Im Mittelpunkt des Spiels steht die Fahrerkarriere mit verschiedensten Wettkämpfen und der Entwicklung des Piloten. Dies ist eine der wesentlichen Neuerrungen von Shift: Der Spieler entwickelt sich weiter und levelt sich Stück für Stück bis zum 50. Fahrerlevel. Erfahrungspunkte gibt es dabei nicht nur für gewonnene Rennen sondern für so ziemlich jede Aktion auf der Strecke: Jedes Überholmanöver, jede perfekt gefahrene Kurve und jeder Rempler bringen euch Erfahrungspunkte. Dabei unterscheidet das Spiel ob ihr ein sauberer Fahrer seit, also die Gegner sauer überholt, fehlerfrei fahrt und Kontakte mit gegnerischem Blech und dem neutralen Beton der Steckenbegrenzung meidet oder ob ihr eher eine Pistensau seid, die Gegner als aktive Bremshilfe missbraucht. Das System ist bis auf einige wenige Designentscheidungen stimmig, so ist es z.B. nicht nachzuvollziehen warum das Driften und fahren im Windschatten aggressive Aktionen sind.

Technische Spielereien

Technisch macht Need for Speed: Shift einen hervorragenden Eindruck: Eine Premiere feiert Slightly Mad mit Shift auf jeden Fall – Es ist das erste Need for Speed, das auf der Xbox 360 flüssig läuft. Auch grafisch kann sich das Spiel sehen lassen: Einige Texturen  amStreckenrand lassen zwar die letzte Schärfe vermissen, dies fällt bei der Geschwindigkeit des Spiels allerdings kaum auf. Am Streckenrand tut sich auch eine ganze Menge: Da sind Schiffschaukeln die ihre Überschläge machen, Rauch steigt von Campingplätzen auf und das Publikum applaudiert. Die Wagenmodelle sind eine Augenweide für Liebhaber. Sehr detailliert gestaltet und toll texturiert stehen sie auf einer Ebene mit denen von Dirt 2. Eine Sensation ist die Cockpitansicht. Sie schlägt in Sachen Detailreichtum alles bisher dagewesene.
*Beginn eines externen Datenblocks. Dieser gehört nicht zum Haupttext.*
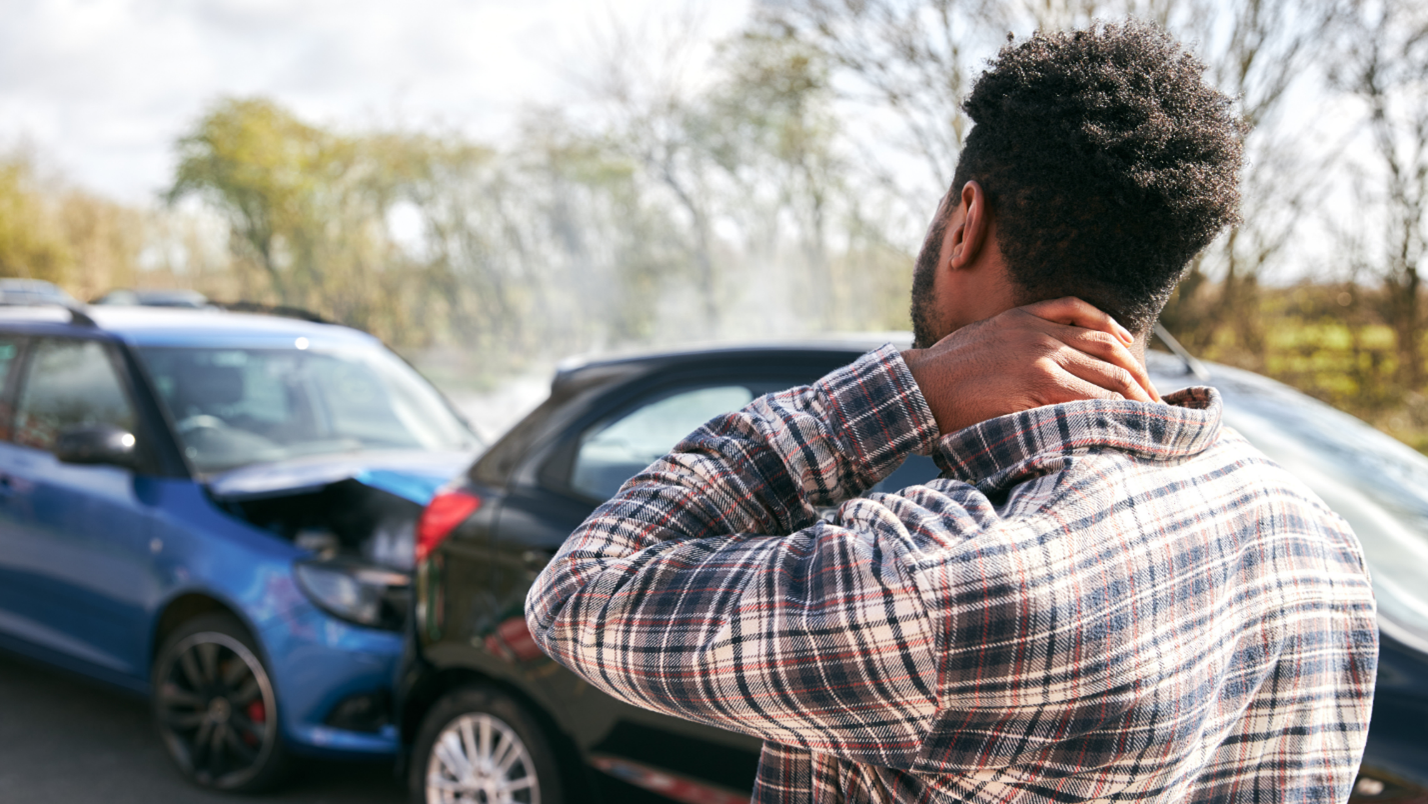 A man rubs his neck while looking at an accident where a car has been rear ended.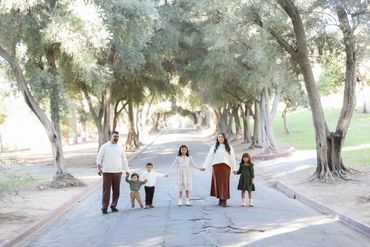Family of five holding hands and walking down a tree-lined path.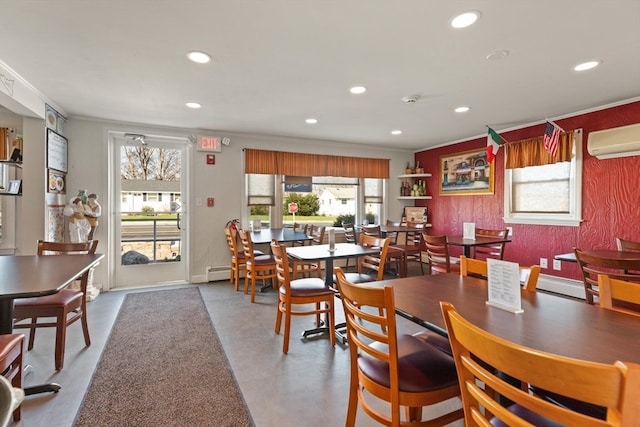 dining room with crown molding, an AC wall unit, and a wealth of natural light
Hier liegt auch einer der Schwerpunkte von Shift, denn abhängig von der Geschwindigkeit verschwimmt der Blick in der Cockpitperspektive und das Spiel simuliert den typischen Tunnelblick – Einzigartig und atembraubend.

Nicht ganz so gelungen ist das Schadensmodell, hier gibt es zwar Verformungen der Karosserie und abfallende Teile, einen Totalschaden sucht man allerdings genauso vergebens wie eine deutliche Auswirkung der Defekte auf das Fahrverhalten.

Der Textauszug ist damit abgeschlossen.